Despite making “some progress” in the education system, Italy overall gets low marks in the latest report by the European Commission.

While pupils’ basic skills are in line with or above the EU average, Italy comes woefully far behind when it comes to adult’s level of education, the report said.

Just 22.4 percent of 30 to 34-year-olds have gone through tertiary education, the lowest figure in Europe and far behind the EU average of 36.9 percent. Adult literacy and numeracy skills in Italy were described as “very poor” by the Commission, when compared to other EU countries.

Italians are also more likely than other Europeans to leave school early, while across the board they have a hard time moving from education to the workplace.

The impact of this can be seen in the job market, where youth unemployment currently stands at 42.9 percent.

Hans-Peter Blossfeld, director of the EU-funded Education as a Lifelong Process (eduLIFE) project, told The Local such high unemployment is partly the result of Italy’s school system. 

“Southern European countries don’t have developed vocational training systems.
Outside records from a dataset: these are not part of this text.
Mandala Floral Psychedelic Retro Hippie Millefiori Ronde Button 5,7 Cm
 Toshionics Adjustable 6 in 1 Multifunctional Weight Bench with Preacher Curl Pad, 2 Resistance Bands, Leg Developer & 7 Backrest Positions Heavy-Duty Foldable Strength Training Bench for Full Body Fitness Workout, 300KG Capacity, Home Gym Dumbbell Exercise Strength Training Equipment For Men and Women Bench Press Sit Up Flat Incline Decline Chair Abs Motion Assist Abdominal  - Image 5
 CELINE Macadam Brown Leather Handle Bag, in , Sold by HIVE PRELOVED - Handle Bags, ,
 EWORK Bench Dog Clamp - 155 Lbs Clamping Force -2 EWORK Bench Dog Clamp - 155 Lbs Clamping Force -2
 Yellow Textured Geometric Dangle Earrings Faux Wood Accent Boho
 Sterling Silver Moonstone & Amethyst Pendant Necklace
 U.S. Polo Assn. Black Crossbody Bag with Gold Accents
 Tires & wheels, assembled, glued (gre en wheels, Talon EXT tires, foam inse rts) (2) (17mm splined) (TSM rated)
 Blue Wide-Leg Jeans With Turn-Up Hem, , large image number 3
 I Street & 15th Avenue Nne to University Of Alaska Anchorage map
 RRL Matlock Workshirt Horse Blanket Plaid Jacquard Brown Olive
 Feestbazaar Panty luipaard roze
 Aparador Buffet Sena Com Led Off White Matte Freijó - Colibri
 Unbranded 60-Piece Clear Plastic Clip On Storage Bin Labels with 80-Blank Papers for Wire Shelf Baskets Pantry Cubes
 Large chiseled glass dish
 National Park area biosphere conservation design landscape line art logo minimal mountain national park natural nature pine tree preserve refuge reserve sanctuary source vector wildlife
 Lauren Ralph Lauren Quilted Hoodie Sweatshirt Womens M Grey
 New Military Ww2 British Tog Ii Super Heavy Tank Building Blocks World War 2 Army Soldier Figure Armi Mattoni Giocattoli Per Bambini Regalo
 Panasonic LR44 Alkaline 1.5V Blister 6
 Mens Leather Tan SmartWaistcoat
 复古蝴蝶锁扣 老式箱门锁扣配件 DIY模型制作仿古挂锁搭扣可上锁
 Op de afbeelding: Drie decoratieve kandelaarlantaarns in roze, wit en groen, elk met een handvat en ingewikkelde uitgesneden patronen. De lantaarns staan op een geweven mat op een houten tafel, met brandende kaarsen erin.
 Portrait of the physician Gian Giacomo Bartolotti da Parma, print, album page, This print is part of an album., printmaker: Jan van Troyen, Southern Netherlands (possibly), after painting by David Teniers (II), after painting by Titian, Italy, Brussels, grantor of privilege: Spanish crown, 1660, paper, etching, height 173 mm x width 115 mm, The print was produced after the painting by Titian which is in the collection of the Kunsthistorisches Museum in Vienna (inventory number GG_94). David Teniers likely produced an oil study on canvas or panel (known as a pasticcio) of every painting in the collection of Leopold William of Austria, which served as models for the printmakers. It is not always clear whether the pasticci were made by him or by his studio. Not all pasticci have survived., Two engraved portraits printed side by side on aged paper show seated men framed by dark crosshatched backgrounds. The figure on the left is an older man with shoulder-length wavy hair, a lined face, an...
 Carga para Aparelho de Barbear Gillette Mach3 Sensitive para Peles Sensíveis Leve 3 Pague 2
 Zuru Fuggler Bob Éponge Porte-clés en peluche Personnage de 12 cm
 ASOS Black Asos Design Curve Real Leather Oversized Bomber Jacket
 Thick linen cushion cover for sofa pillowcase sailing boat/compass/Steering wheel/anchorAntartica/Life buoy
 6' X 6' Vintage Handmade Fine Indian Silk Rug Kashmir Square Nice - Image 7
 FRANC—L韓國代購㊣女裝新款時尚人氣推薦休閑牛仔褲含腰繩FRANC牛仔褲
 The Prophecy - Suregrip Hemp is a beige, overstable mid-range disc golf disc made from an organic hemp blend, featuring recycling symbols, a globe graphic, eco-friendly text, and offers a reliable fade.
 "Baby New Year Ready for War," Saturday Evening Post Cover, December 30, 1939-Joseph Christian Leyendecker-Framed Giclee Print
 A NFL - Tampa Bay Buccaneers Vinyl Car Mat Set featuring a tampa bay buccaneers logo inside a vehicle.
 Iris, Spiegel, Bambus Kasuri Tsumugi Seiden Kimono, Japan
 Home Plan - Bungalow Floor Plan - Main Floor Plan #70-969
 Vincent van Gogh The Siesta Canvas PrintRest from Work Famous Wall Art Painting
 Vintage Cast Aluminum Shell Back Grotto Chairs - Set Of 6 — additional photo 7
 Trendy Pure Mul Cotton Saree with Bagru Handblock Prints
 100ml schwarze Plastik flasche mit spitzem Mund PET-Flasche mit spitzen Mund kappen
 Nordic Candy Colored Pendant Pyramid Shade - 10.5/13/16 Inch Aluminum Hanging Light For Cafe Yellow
People leave the education system and are outsiders of the labour market,” he explained. “They don’t have close networks and access to companies and firms; this makes it rather difficult.”

Those leaving education in Italy face a further barrier in trying to get jobs, because they are kept out of the rigid labour market.

“People who are in jobs have high job security and protection, but those leaving education, who want jobs, have difficulty moving into the system,” he said.

Prime Minister Matteo Renzi is currently trying to reform this inflexible system, making it easier for employers to hire and fire people, although he is facing strong opposition from labour unions.

The premier could seek inspiration from Germany, where youth unemployment is just 7.6 percent.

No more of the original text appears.